The `djaxrun` utility works well with CPUs but requires careful GPU management for multi-GPU testing:

```python
# For GPU testing, ensure each process sees only one GPU
import os
import jax

# Set GPU visibility based on process rank
if 'LOCAL_RANK' in os.environ:
    local_rank = int(os.environ['LOCAL_RANK'])
    os.environ['CUDA_VISIBLE_DEVICES'] = str(local_rank)

jax.distributed.initialize()
print(f"Process {jax.process_index()}: {jax.local_devices()}")

import netket as nk
# ... your NetKet code
```


## Troubleshooting

### Common issues

- **No output or deadlock**: If you don't see any messages and no prints of local devices, `jax.distributed.initialize()` is likely deadlocked because nodes cannot communicate.

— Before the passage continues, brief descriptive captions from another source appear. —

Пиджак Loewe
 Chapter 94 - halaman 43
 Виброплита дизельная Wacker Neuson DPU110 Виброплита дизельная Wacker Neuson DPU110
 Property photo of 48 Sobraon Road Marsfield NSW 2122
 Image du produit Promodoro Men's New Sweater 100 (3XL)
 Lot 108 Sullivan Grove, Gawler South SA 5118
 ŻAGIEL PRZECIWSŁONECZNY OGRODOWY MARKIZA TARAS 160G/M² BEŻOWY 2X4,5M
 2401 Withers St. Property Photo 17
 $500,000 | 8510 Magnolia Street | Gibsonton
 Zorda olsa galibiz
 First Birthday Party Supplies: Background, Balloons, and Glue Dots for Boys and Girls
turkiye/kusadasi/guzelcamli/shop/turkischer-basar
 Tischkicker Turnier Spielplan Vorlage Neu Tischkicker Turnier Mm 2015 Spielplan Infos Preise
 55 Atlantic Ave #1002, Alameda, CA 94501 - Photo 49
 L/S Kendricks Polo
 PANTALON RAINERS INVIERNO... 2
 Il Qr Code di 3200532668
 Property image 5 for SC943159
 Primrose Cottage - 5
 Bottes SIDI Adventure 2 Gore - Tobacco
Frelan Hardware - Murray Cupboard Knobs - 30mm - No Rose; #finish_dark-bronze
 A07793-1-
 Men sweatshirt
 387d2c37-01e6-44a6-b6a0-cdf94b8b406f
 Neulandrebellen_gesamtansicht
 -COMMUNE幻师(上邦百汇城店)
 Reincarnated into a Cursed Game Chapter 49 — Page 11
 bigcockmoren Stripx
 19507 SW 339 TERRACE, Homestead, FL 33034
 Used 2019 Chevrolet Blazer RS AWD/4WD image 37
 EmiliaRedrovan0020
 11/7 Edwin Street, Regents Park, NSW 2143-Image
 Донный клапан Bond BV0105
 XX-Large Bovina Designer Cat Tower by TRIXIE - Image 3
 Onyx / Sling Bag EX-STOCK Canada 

This happens on some clusters due to security restrictions blocking communication among compute nodes. See the {ref}`grpc_proxy` section in {doc}`sharp-bits` for solutions.
- **Initialization hangs**: Check that your hostname resolves correctly (`ping $(hostname)`)
- **GPU not detected**: Verify `nvidia-smi` shows GPUs and CUDA is properly installed
- **Slow communication**: Sometimes communication might be very slow. For detailed communication debugging, set `export NCCL_DEBUG=INFO`

## Complete example

Here's a complete example showing distributed NetKet usage:

```python
import jax
import netket as nk

# Initialize distributed computing
jax.distributed.initialize()

# Verify setup
print(f"[{jax.process_index()}/{jax.process_count()}] devices:", jax.devices(), flush=True)
print(f"[{jax.process_index()}/{jax.process_count()}] local devices:", jax.local_devices(), flush=True)
print(f"I will be running a calculation among {jax.process_count()} tasks, "
      f"using a total of {len(jax.devices())} devices "
      f"({len(jax.local_devices())} per slurm task). "
      f"If this does not match your expected number of total devices, "
      f"something is misconfigured", flush=True)

# Define your quantum system
L = 20
g = nk.graph.Hypercube(length=L, n_dim=1, pbc=True)
hi = nk.hilbert.Spin(s=1/2, N=g.n_nodes)

# Create Hamiltonian
ha = nk.operator.Ising(hilbert=hi, graph=g, h=1.0)

# Define neural network model
model = nk.models.RBM(alpha=1)

# Create variational state
vs = nk.vqs.MCState(
    sampler=nk.sampler.MetropolisLocal(hi),
    model=model,
    n_samples=1024
)

# Set up optimizer and driver
opt = nk.optimizer.Sgd(learning_rate=0.01)
gs = nk.driver.VMC(ha, opt, variational_state=vs)

# Run optimization
if jax.process_index() == 0:
    print("Starting VMC optimization...", flush=True)

gs.run(n_iter=300, out='distributed_result')

if jax.process_index() == 0:
    print("Optimization complete!", flush=True)
    print(f"Final energy: {gs.energy}", flush=True)
```

This setup will automatically distribute the computation across all available devices and handle the distributed sampling and optimization efficiently.